The law is based on the precise interpretation of words, making it vulnerable to exploitation by clever people who find loopholes that go against the intent of the law. This creates a culture of insincerity, in which various parties adopt positions of righteousness that are not backed up by any sense of morality, and use tortuous language to disguise their pursuit of self-interest.
The very process by which laws are formulated requires them to be complex, since the process of developing them requires many different situations to be considered, and many different contexts to be accommodated. But no matter how intricate and nuanced a piece of legislation, most situations in which it applies do not allow for intricacy or nuance.
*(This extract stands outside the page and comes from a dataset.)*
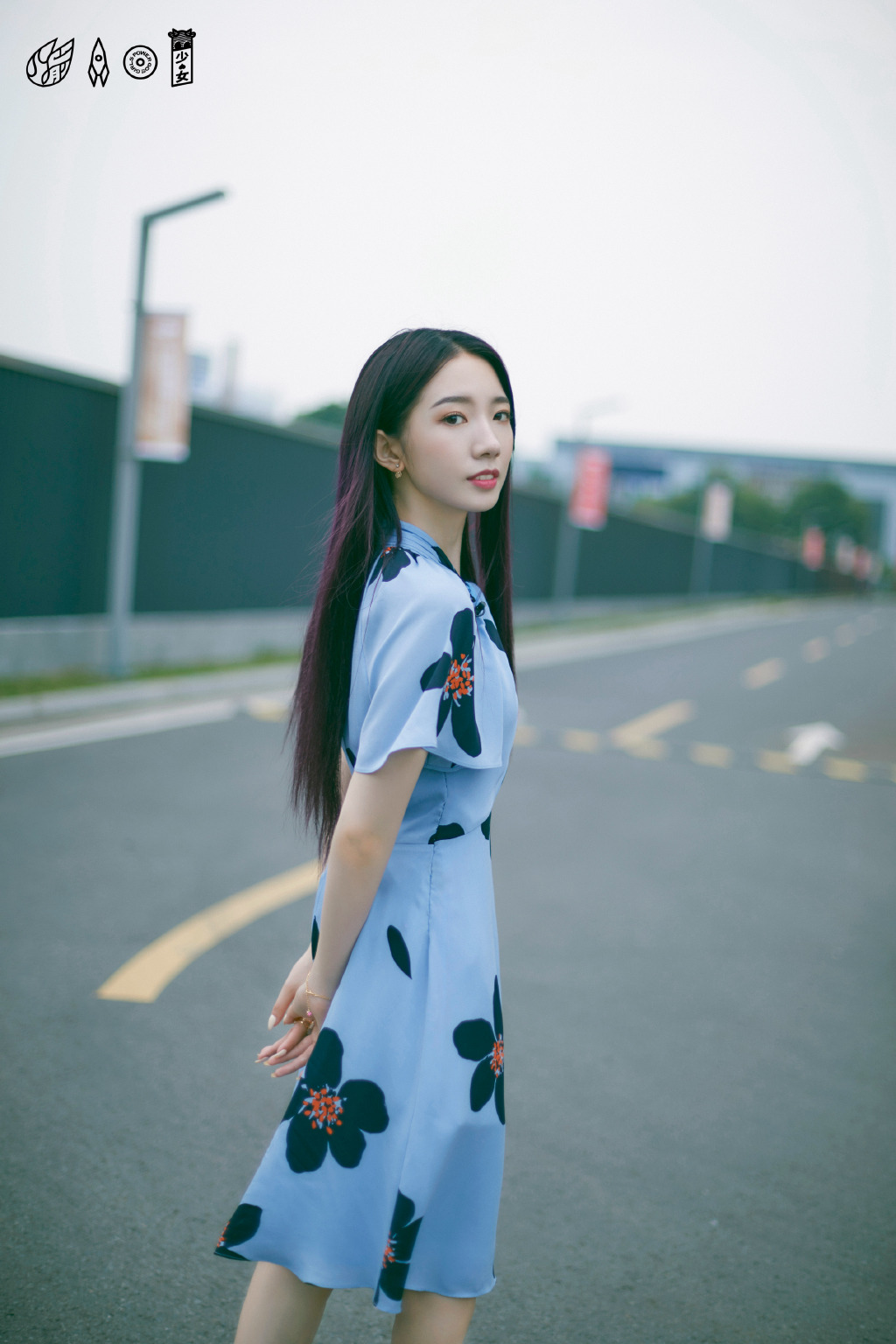 孟美岐图片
They usually involve people or companies with limited amounts of experience, competence and resources. Thus, no matter how perfect a law is in its conception, it inevitably becomes a blunt instrument in its application.
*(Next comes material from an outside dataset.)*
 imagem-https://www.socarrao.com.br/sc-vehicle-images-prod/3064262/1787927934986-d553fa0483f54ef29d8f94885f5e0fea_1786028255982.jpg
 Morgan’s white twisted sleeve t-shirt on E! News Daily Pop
One further significant shortcoming of the law is that it is biased in favor of those with money. The cost of engaging lawyers to resolve a dispute in the courts is significant, and those with the biggest budgets – insurance companies and other large corporations – have a far greater ability to prevail in litigation than ordinary citizens. There is often a total mismatch between parties that are in disagreement. A lawsuit is a small risk for corporations, with their armies of lawyers and with millions or billions of dollars in their war chests. To battle them, private citizens may have to stake their life’s savings and commit a significant portion of their lives.
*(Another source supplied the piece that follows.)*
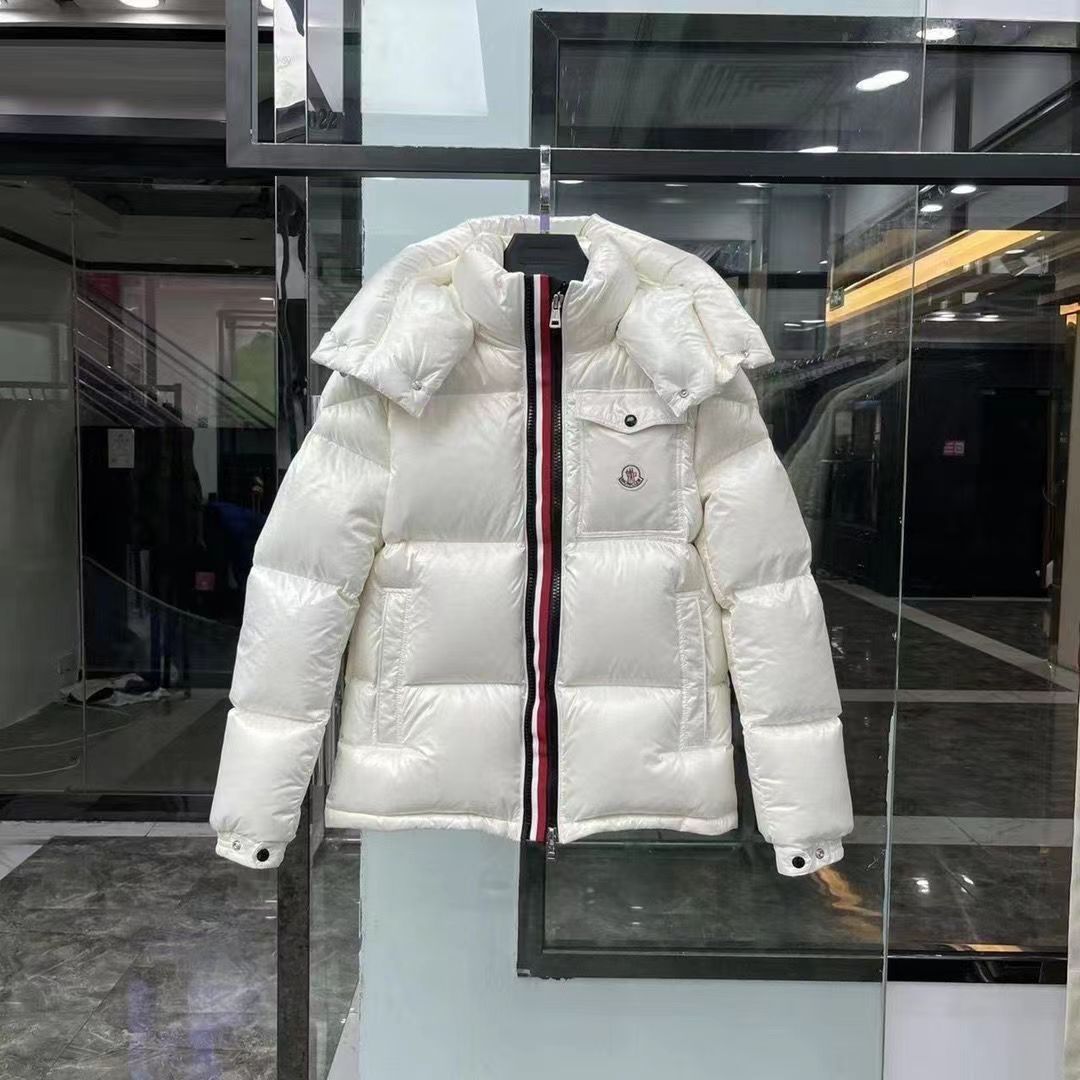 ПальтоутепленноеMONCLER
Moreover, the law provides numerous advantages to wealthy and powerful people looking to protect their interests. It is a powerful enabling medium for numerous strategies that prevail through obfuscation, deceitfulness and insincerity in the pursuit of naked self-interest. These include the use of complicated small print to shirk moral responsibility, the structuring of one’s affairs in order to avoid taxation, the evasion of personal responsibility by establishing limited liability legal vehicles and, as just mentioned, by bullying those who are poorer and thus weaker with the threat of litigation.
Lastly, the law allows for systemic, legalized corruption. Those with money and connections can usually find a way to exert undue influence on lawmakers – through political donations, lobbying and more corrupt means – to have laws enacted that favor their private interests at the expense of the public.
Finally, and paradoxically, the law also tends to stifle personal responsibility and initiative by imposing a heavy burden of compliance… Instead of nurturing self-reliance and furthering the development of good judgment, many of these regulations seek to protect people from themselves. Children – even teenagers – cannot play unattended. Blind obedience to rules and mechanically generating health and safety compliance paperwork have become more important than safety itself. For example, a school in Bristol in the United Kingdom recently banned a blind 7-year-old girl from using her cane because it constituted a trip hazard. Examples of this absurd lack of common sense abound in the culture of zealous compliance that colors most of the Western world. All of this leads to an increasingly enfeebled population, fit only for life in a climate-controlled padded cell under the watchful eye of certified, credentialed minders. The root cause of this insanity is reliance on the law as a reconciling force, while what is really needed is discretion and intelligence.
Regulation is often put forward as a way of compensating for the numerous ills created by the profit motive. But this amounts to an attempt to use two wrongs to make a right, because, just like the profit motive itself, the law is also rooted in negativity. It is a way of setting parties apart in conflict. As noted above, it promotes insincerity, disguises the pursuit of naked self-interest, amplifies the effects of privilege, and is slow, cumbersome, expensive, imprecise and unpredictable in its application, and vulnerable to exploitation and misappropriation by the least scrupulous.
That is not to say that lawlessness should be encouraged or promoted. But at the granular level where the socials ills borne of the profit motive have to be opposed, the usefulness of the law is very limited, and recourse to it is fraught with unintended consequences.
Something beyond the law and regulation is required if there is to be real regeneration.